Alabama's Best: Antonio Langham, Javier Arenas, Jeremiah Castille
Notre Dame's Best: Todd Lyght, Bobby Taylor, Luther Bradley
Langham won the Thorpe Award and led his team to a national title, while Arenas impacted the game in so many different ways. That said, Dee Milliner might be the most complete and talented corner to ever play at Alabama. Dre Kirkpatrick, Kareem Jackson and Don McNeal add quality depth to the cover corner position as well. Notre Dame has had some quality players at cornerback over the years but none are considered amongst the school's all-time greatest players.
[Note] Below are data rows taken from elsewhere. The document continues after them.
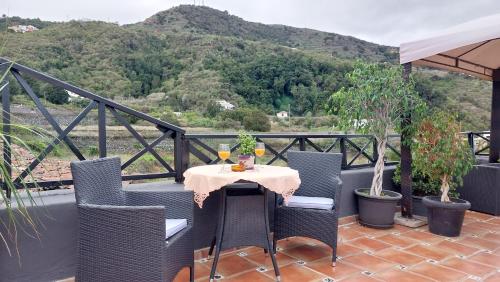 Apartamento Estándar del hotel Monasterio de San Antonio. Foto 4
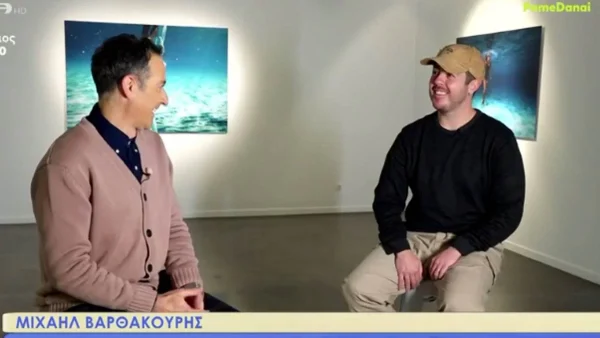 Μιχαήλ Βαρθακούρης: Το ψυχοσωματικό που φοβήθηκε μήπως του στερήσει τη ζωή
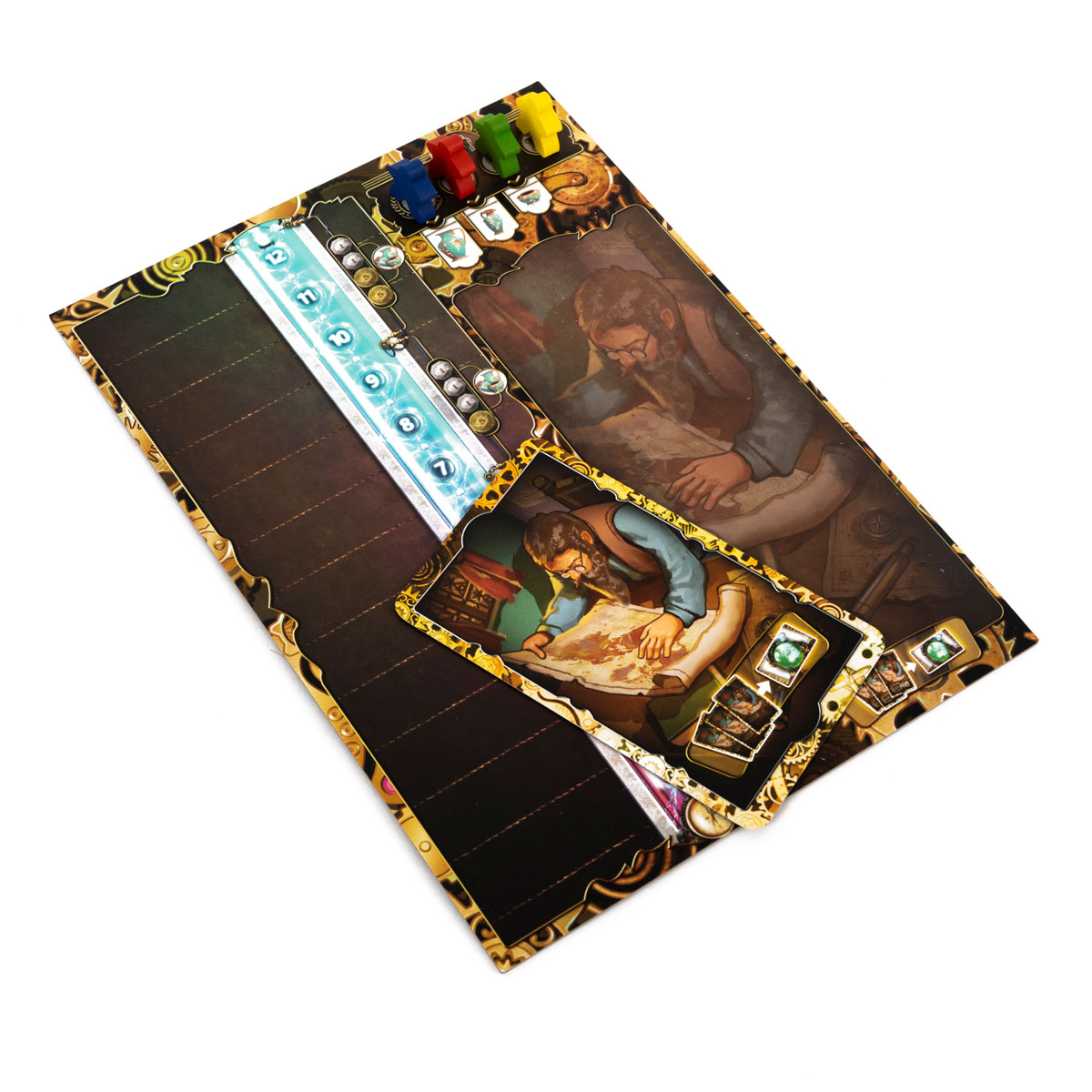 Настольная игра Эврикус "Эксплора" PG-17601 - фото 6
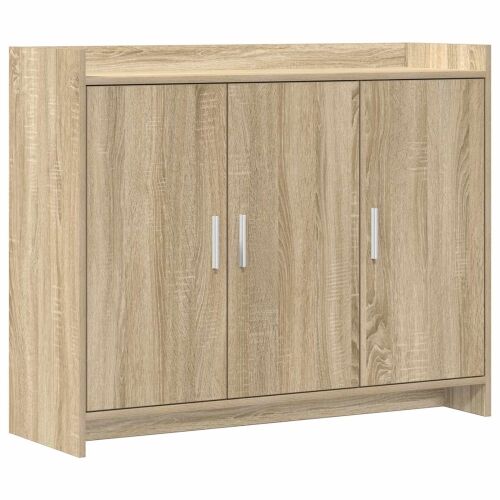 Kreveta Hrast sonoma 98,5 x 33 x 80 cm Konstruirano drvo - Hrast sonoma Cijena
Alabama's Best: Mark Barron, Tommy Wilcox, George Teague
Notre Dame's Best: Mike Townsend, Tom Zbikowski, Dave Duerson
There was talk around the SEC that Barron was the best player in the conference last season — in a year that had nine first-round picks from the SEC. Wilcox is widely regarded as the only other truly great Alabama safety, while others like George Teague and Rashad Johnson were big winners. However, Notre Dame's recent run at safety — Zbikowski and Harrison Smith — give the Irish a very slight edge at the backend of the defense. Dick Lynch and Dave Duerson add quality depth to a position that has been comparatively thin for both programs. Although, both programs have produced some NFL stars in the last few seasons.
Edge: Notre Dame
Notre Dame's John Carney vs. Alabama's Leigh Tiffin
Both names dominate their respective record books. Alabama has had a slightly better run of kickers overall (Phillip Doyle, Michael Proctor) than Notre Dame, but Carney went on to become one of the NFL's best for more than two decades.
Edge: Notre Dame
Alabama's Best: Bear Bryant, Nick Saban, Frank Thomas
Notre Dame's Best: Knute Rockne, Frank Leahy, Ara Parseghian
This is one of the more interesting debates in a historical perspective for both teams. It's tough to argue that Bryant isn't the game's greatest general, however, nearly one third of his 323 wins (91) came during his 13-year coaching tenure prior to getting to Tuscaloosa. And the Notre Dame coaching history has been slightly deeper and more balanced as seven different men won a national title at Notre Dame, while only five did so at Alabama. How do Lou Holtz, Dan Devine and Elmer Layden compare to Wallace Wade and Gene Stallings? Brian Kelly has won titles on every level of his coaching career and has a chance to defeat Saban head-to-head and make it eight coaches to win titles for the Irish. That said, The Bear is the trump card. But this is about as dead even a position battle for these two historic programs. One could also argue that these are the two best collections of head coaches in the nation — which should come as no shock considering these are two of college football's most prestigious programs.